▶ DATA BELOW
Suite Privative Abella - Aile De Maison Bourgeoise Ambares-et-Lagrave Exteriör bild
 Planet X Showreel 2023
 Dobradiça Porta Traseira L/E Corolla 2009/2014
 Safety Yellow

▶ TASK DIRECTIONS
Without altering a single word, copy the listing above.

▶ YOUR RESPONSE
Suite Privative Abella - Aile De Maison Bourgeoise Ambares-et-Lagrave Exteriör bild
 Planet X Showreel 2023
 Dobradiça Porta Traseira L/E Corolla 2009/2014
 Safety Yellow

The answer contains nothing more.